This is Part 5 of a 5-part series: Innovations in African Farming
Continue to Part: 1 / 2 / 3 /4 /5
Almost four years ago, Richard Haigh had what he called a “crazy idea.” At the time, he was working for a South African health NGO. Although he was based in the city of Durban, his duties often took him deep into the rural interior of KwaZulu-Natal province.
“For years I had noticed people there using land in very traditional ways – planting traditional crops, having traditional animals,” Haigh said. “I felt quite inspired by that. And when I turned 40 [in 2007], I thought ‘I’m just so tired of the politics of the NGO world; why not purchase a piece of land and buy a small farm and see what we can do?’”

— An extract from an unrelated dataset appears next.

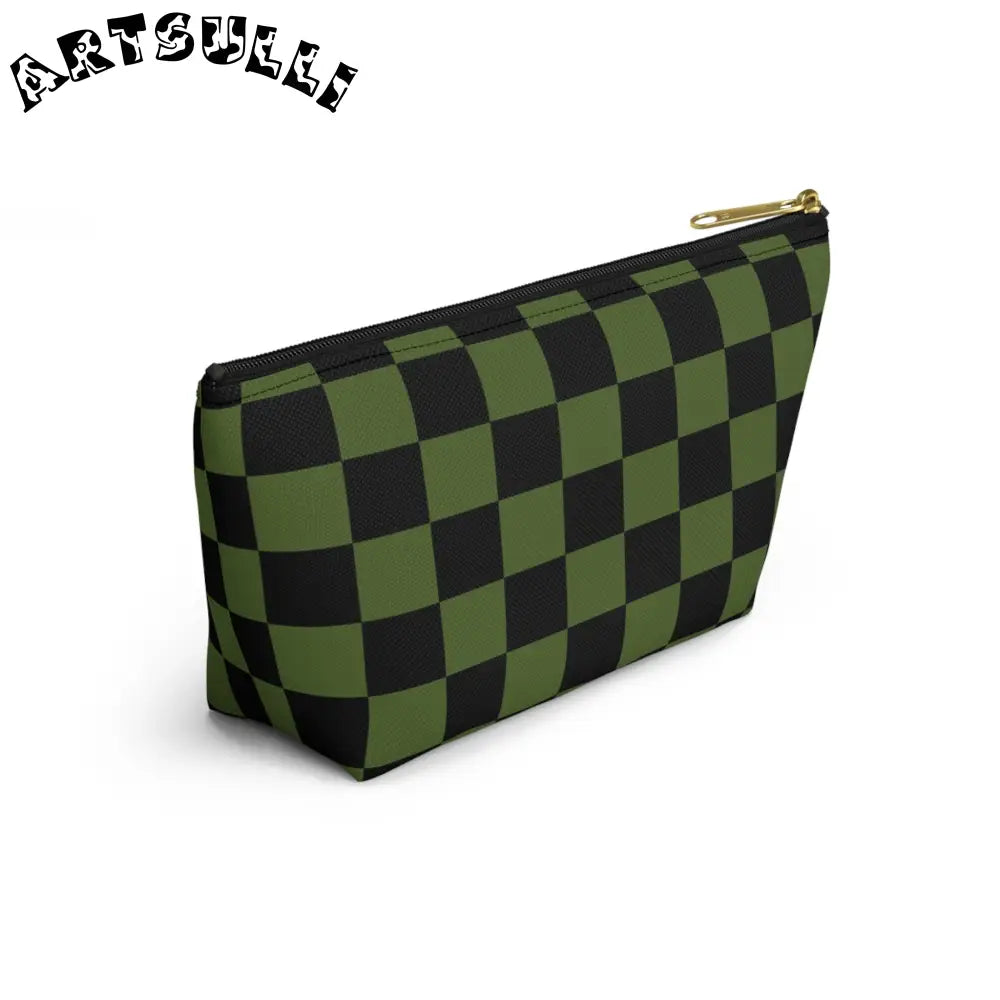 JAKKOUTTHEBXX Checkerboard Olive Green and Black Accessory Pouch w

So Haigh quit his job and bought some land in the isolated KwaZulu-Natal midlands. He named his farm “Enaleni” – a Zulu term that implies “agricultural abundance; a place where there is more than enough.”

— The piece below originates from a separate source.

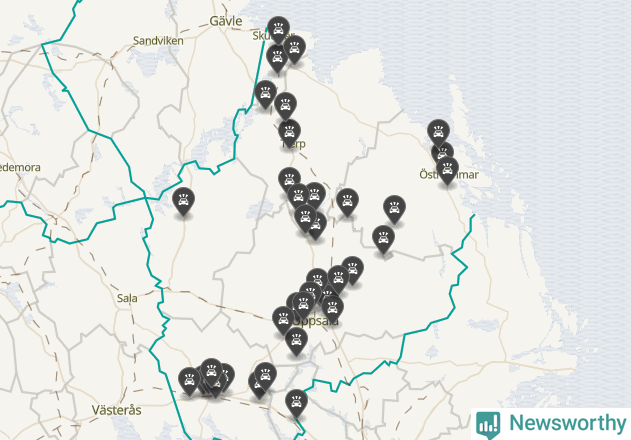 Karta över Uppsala län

Haigh acknowledged that this particular name was “insanely optimistic” at the time, given that there was “next to nothing” on his newly-acquired land.
“We started from scratch here – no fencing, a dysfunctional borehole, no water, no pasture…” he told VOA. Haigh’s property was also particularly dry. It’s situated in what he terms a “rain shadow,” which means surrounding mountains block weather systems that produce rain.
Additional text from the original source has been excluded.